Top of RECORDS SUPPLIED

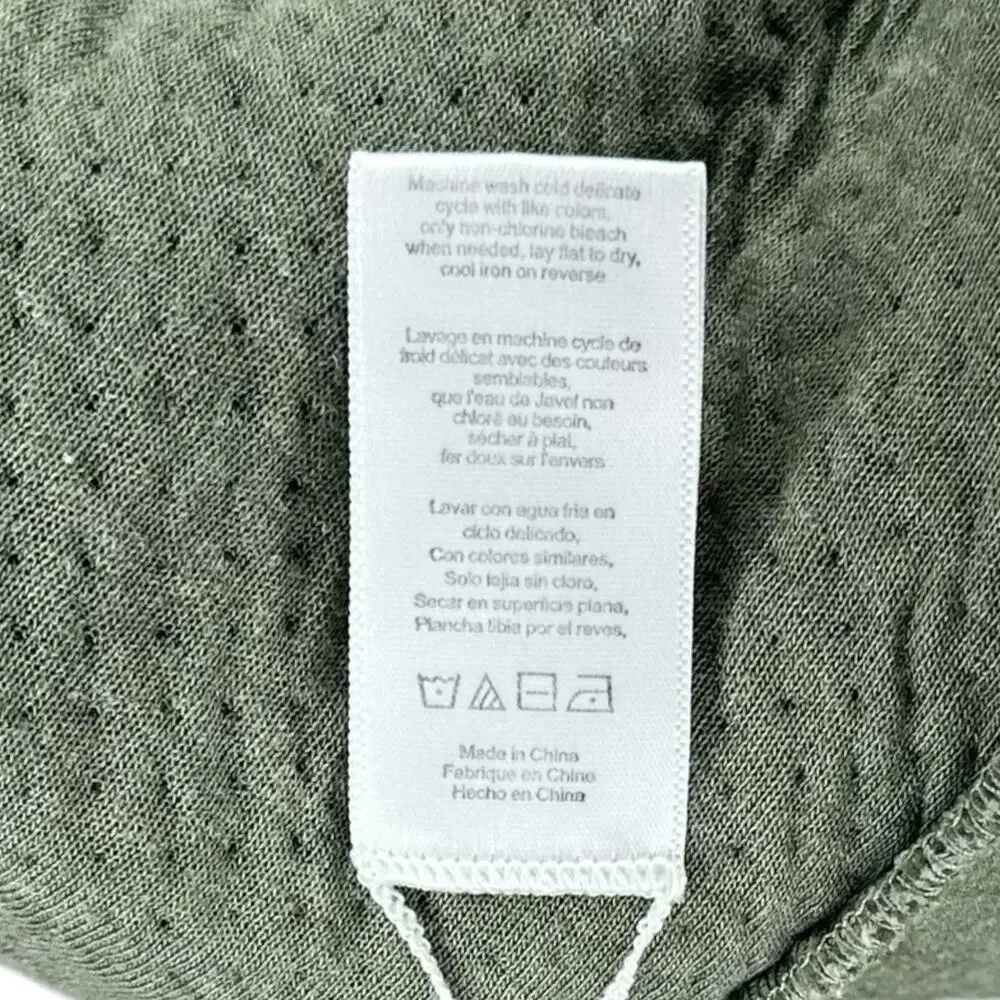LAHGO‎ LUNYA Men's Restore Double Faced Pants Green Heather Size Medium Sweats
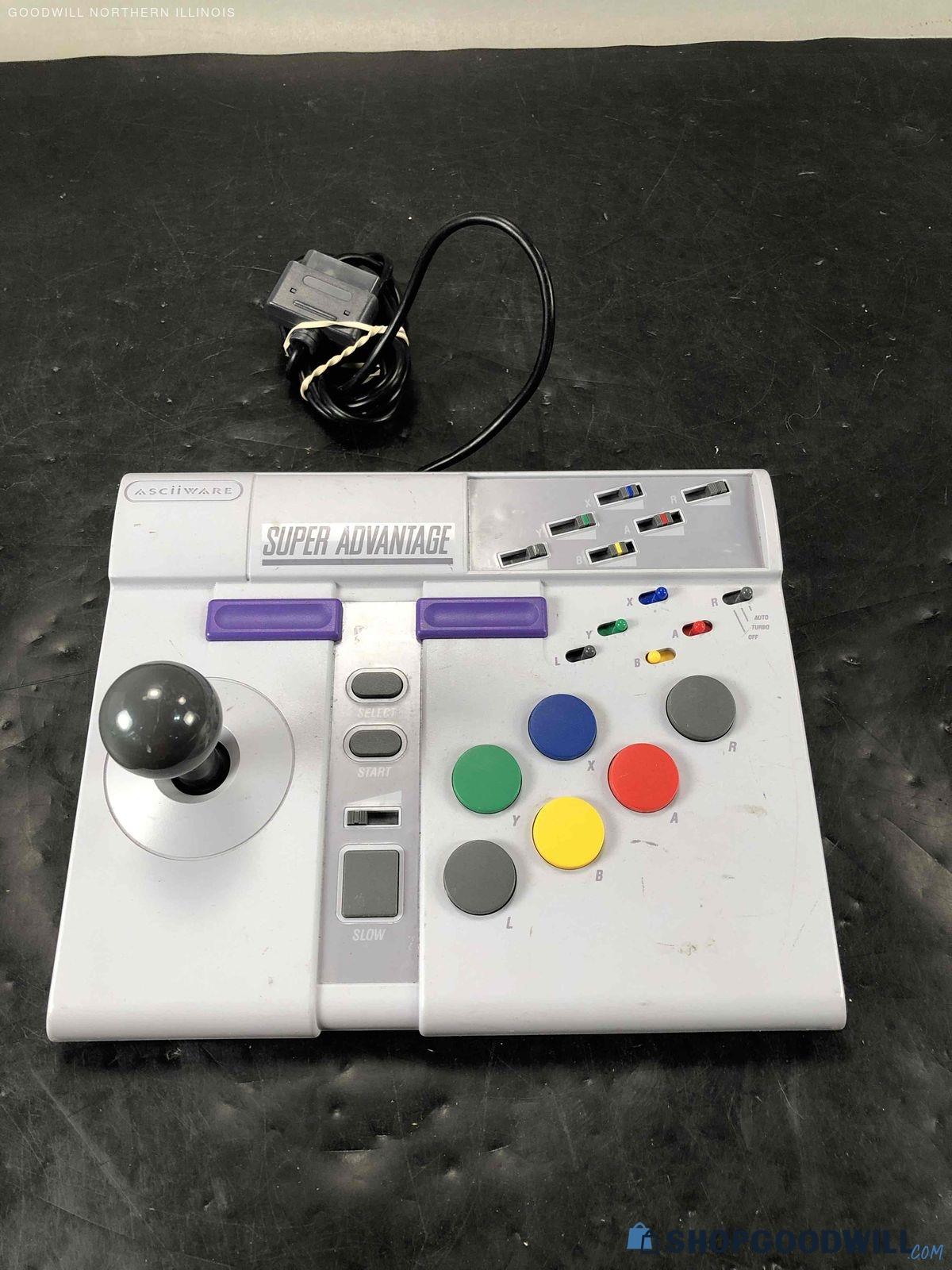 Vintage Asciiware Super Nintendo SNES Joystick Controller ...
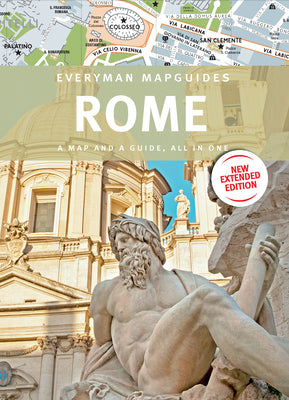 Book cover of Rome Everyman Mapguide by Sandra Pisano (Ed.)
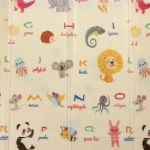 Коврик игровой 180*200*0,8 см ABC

Bottom of RECORDS SUPPLIED
Top of RECORDS SUPPLIED

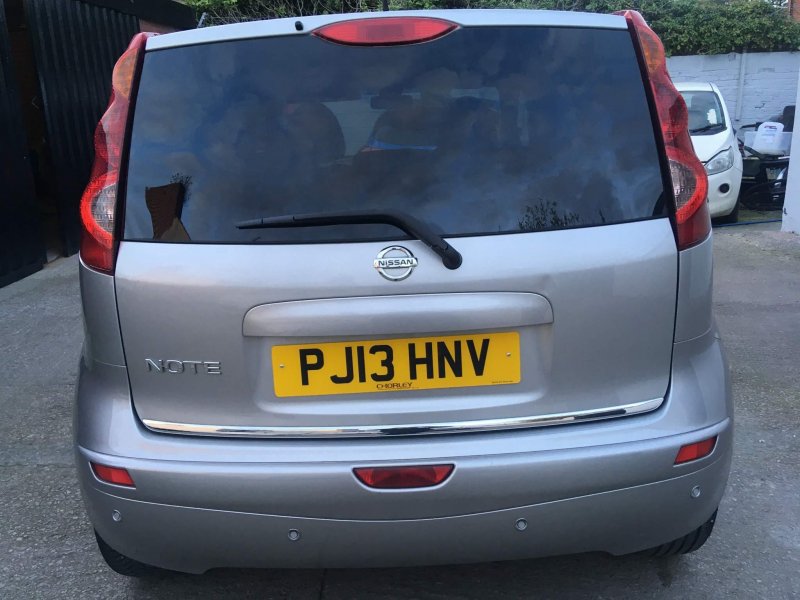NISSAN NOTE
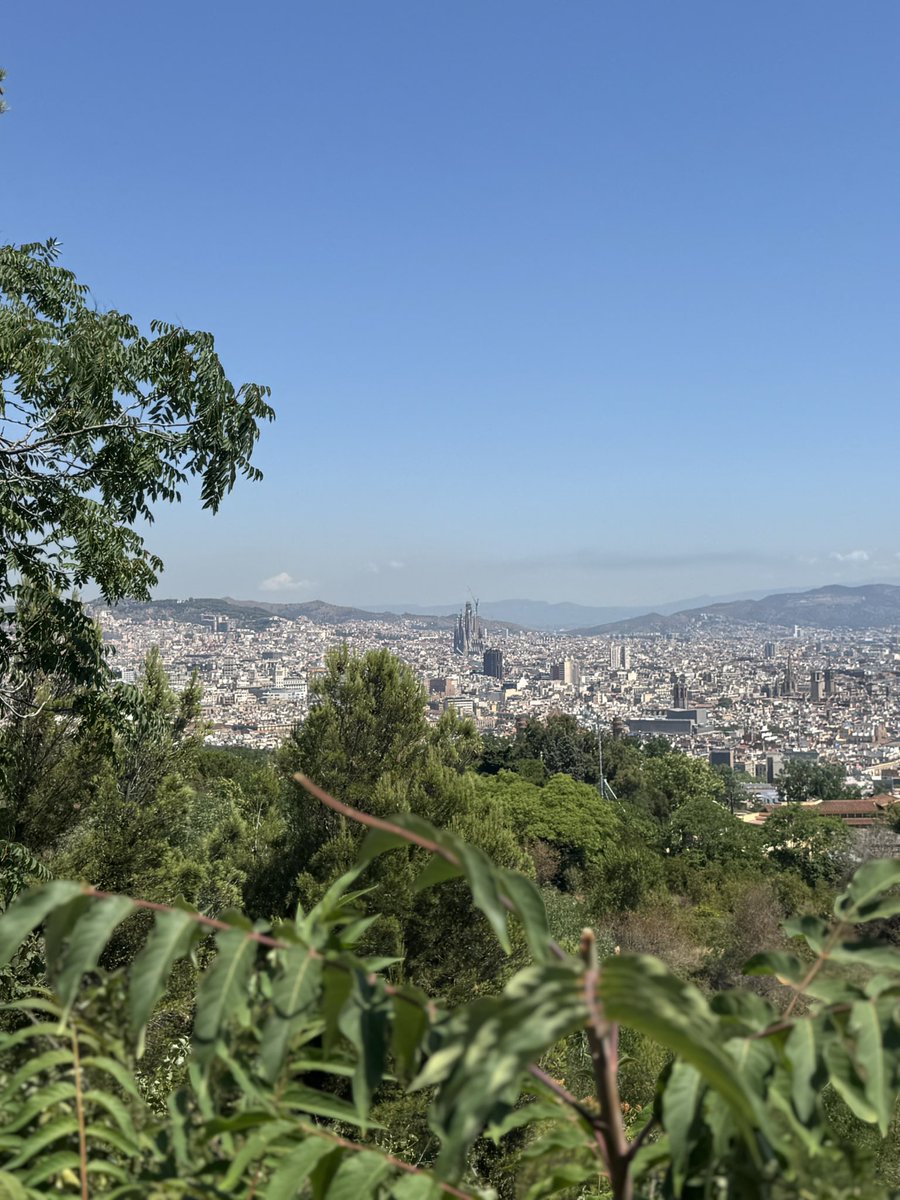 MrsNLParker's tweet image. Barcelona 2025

Bottom of RECORDS SUPPLIED

> _WORK TASK_:
Transcribe, word for word, the lines of the listing above from the one that contains "Vintage Asciiware Super" through the one that contains "Коврик игровой 180*200*0,8 см ABC", keeping both ends and dropping the pictures.

> _COMPLETED TASK_:
 Vintage Asciiware Super Nintendo SNES Joystick Controller ...
 Book cover of Rome Everyman Mapguide by Sandra Pisano (Ed.)
 Коврик игровой 180*200*0,8 см ABC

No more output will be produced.